La donna vittima di violenza di genere deve comprendere alcune cose fondamentali. La violenza dell'uomo non potrà essere gestita e, senza un intervento esterno forte, (necessario anche per tutelare i figli minorenni che magari assistono al clima violento endofamiliare soffrendo e riportando conseguenze comportamentali che potranno svilupparsi anche in futuro), il ciclo della violenza, ingannatorio anche perché seduttivo, non potrà essere interrotto. Appare fondamentale anche parlarne con qualcuno che sia formato all'ascolto, che non giudichi, e che sappia come gestire la situazione. I centri antiviolenza, per competenza e per presenza di operatrici multidisciplinari (avvocate, psicologhe), si presentano come i luoghi maggiormente attrezzati per accogliere la vittima di violenza domestica anche perché, sul piano giuridico, non hanno alcun obbligo di segnalazione qualora accertino la presenza di un reato procedibile d'ufficio quale è, per il nostro sistema, il delitto tipico della violenza domestica previsto dall'articolo 572 del codice penale riferito alla fattispecie dei maltrattamenti contro familiari e conviventi. Eppure, sempre secondo l'indagine Istat del 2014, soltanto il 5% delle donne vittime di violenza domestica si rivolge ad un centro specializzato. Occorre incrementare questo flusso attraverso una comunicazione adeguata e competente anche perché i centri antiviolenza sono presenti in quasi tutto il territorio nazionale ed il rapporto fra donna sofferente e luogo dell'accoglienza necessità di una forte contiguità.

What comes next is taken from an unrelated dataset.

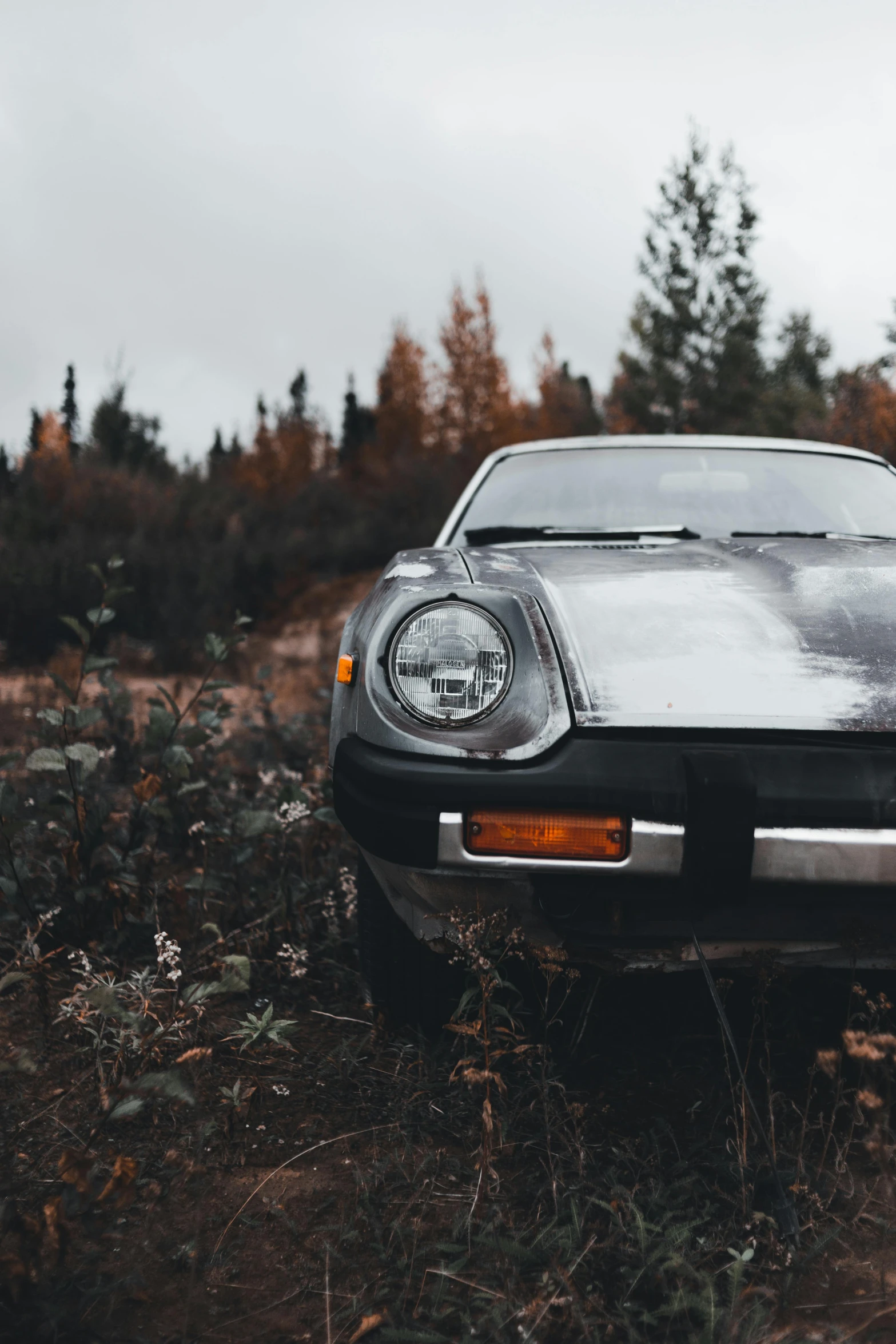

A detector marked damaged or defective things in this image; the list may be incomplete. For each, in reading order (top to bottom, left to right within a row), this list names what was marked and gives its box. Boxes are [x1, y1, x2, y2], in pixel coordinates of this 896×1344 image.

abandoned car [329, 435, 896, 1021]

Lei è un magistrato molto attivo sull'argomento al tribunale di Milano, ma anche un esperto da tempo impegnato a informare sull'argomento. Quali consigli può dare a una donna perché vinca la paura e denunci le violenze subìte? Può ottenere giustizia? O una speranza per una vita diversa per sé e per i figli?

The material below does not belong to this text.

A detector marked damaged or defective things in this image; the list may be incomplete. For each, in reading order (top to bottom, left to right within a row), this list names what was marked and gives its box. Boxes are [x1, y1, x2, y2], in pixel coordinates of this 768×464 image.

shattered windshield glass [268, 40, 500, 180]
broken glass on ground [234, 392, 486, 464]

È normale che la donna vittima di violenza domestica abbia paura di rivolgersi a qualcuno oppure di mettere in moto la macchina del processo penale che dovrebbe funzionare, ma che ancora oggi presenta delle crepe inaccettabili. E, se non lo fa, quale potrebbe essere la sua alternativa? Continuare a vivere in un clima di violenza che sarà progressivamente più intenso e totalizzante.

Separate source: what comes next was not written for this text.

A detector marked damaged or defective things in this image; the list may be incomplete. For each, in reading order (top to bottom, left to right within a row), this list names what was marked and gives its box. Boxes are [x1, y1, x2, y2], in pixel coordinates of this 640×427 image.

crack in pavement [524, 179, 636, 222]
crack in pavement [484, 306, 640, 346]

Bisogna convincersi allora che l'impossibilità di un cambiamento deve costituire la spinta per raccontare la sofferenza ad una persona consapevole - il colloquio rivelatore è il primo momento di riconoscimento della violenza subita- e quindi intraprendere un progetto che porti alla costruzione di una quotidiano diverso. Fondamentale è avere a che fare con operatori formati ed esperti che sappiano anche fornire indicazioni tecniche appropriate. L'avvocato deve essere specializzato perché, qualora si scelga di intraprendere la strada del processo penale, che non è tuttavia l'unica possibile, dovrà svolgere il ruolo di osservatore attento e preparato delle attività compiute dalla polizia giudiziaria e dal pubblico ministero soprattutto nella fase delle indagini, verificando che vengano posti in essere tutti i presidi di protezione della vittima di reati di genere oggi previsti dalle leggi.
Esistono anche strumenti di tutela in ambito civile come la possibilità di richiedere al giudice un ordine di protezione con il quale l'agente violento viene allontanato dalla casa familiare ed avviato ai servizi sociali per un periodo di intervento trattamentale finalizzato a contenere le connotazioni violente del suo comportamento. Il processo penale può avere poi un effetto terapeutico sulla stessa vittima qualora venga svolto con tempestività, efficacia, tempi adeguati alle esigenze di tutela della donna, e porti ad un giudizio di riconoscimento delle violenze sofferte e denunciate.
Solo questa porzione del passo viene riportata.